Take from the entries below the stretch from the line with "Инкубатор Челябинск - изображение 1" through the line with "Técnica de edição do DNA (Foto: Reprodução)", and return it exactly, leaving the pictures out.

* Data for this exercise:
....
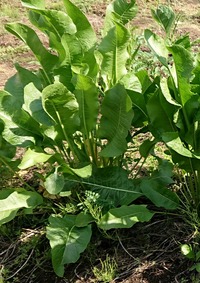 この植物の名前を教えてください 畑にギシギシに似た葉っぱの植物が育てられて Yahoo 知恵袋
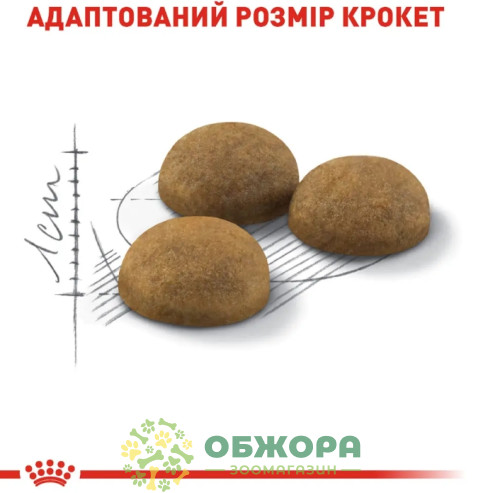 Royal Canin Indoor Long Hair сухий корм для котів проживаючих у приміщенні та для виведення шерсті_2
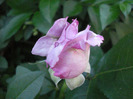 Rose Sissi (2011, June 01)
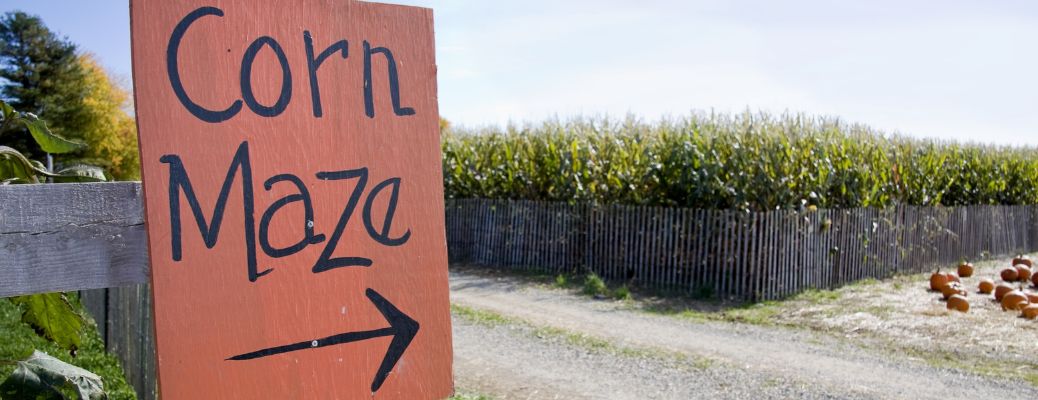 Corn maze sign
....
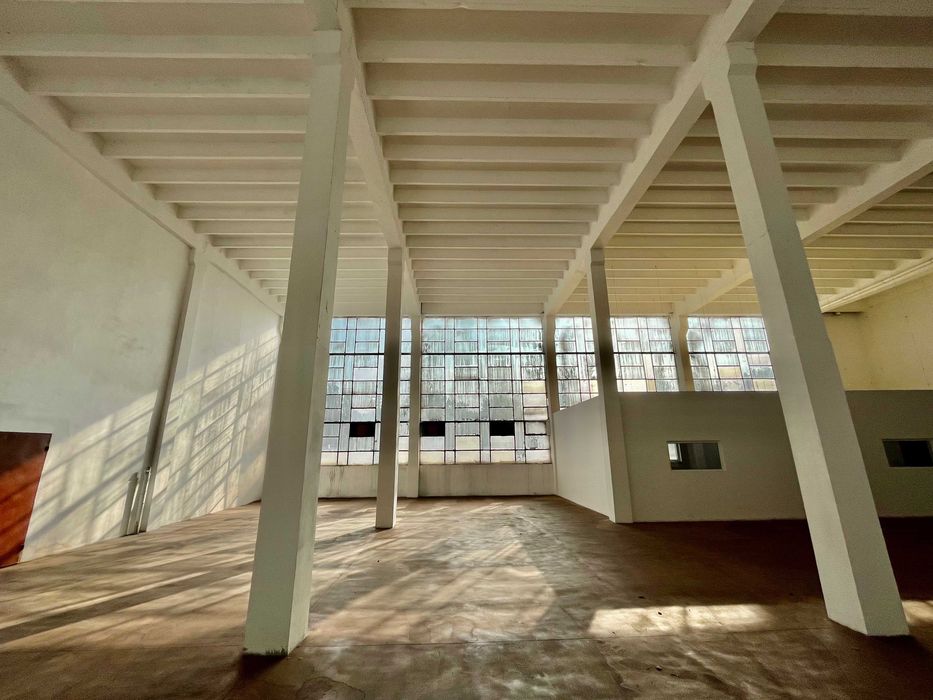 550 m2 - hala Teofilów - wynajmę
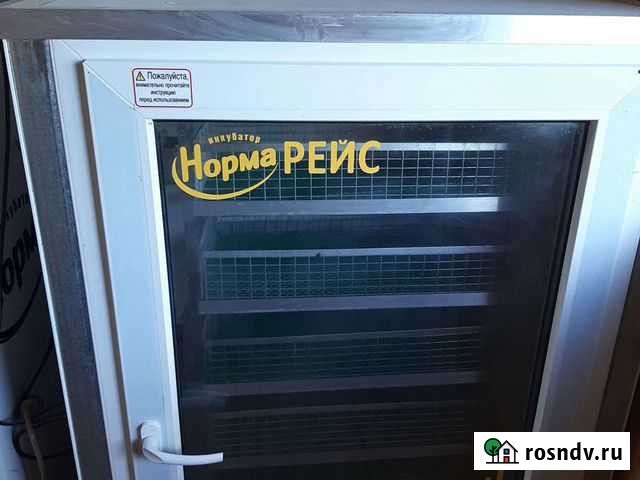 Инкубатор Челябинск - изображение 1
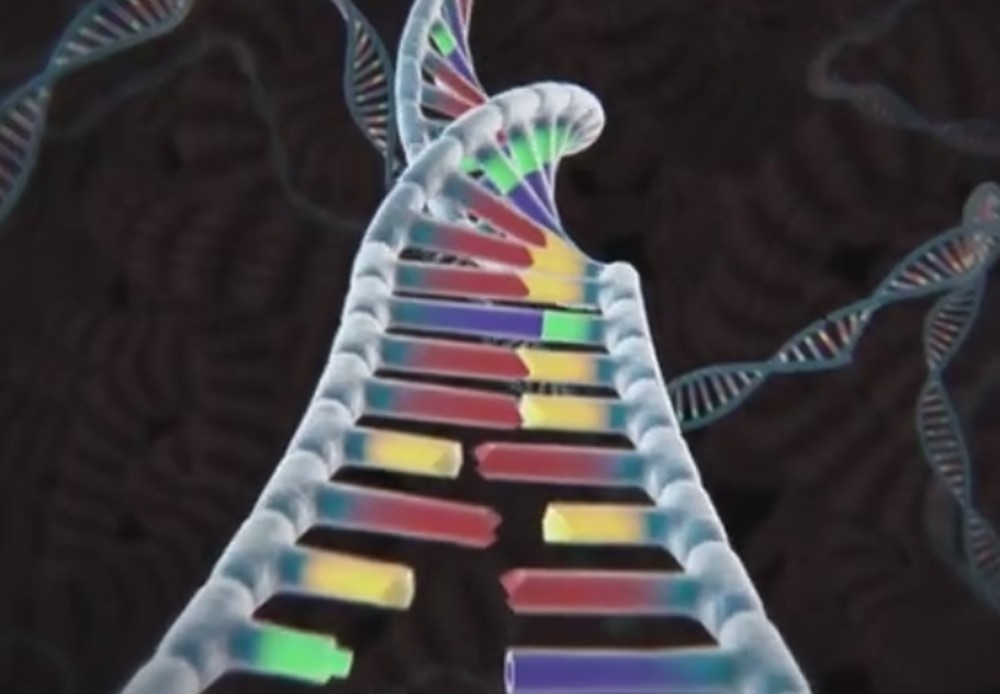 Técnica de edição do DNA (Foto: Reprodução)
....
* Answer box:
 Инкубатор Челябинск - изображение 1
 Técnica de edição do DNA (Foto: Reprodução)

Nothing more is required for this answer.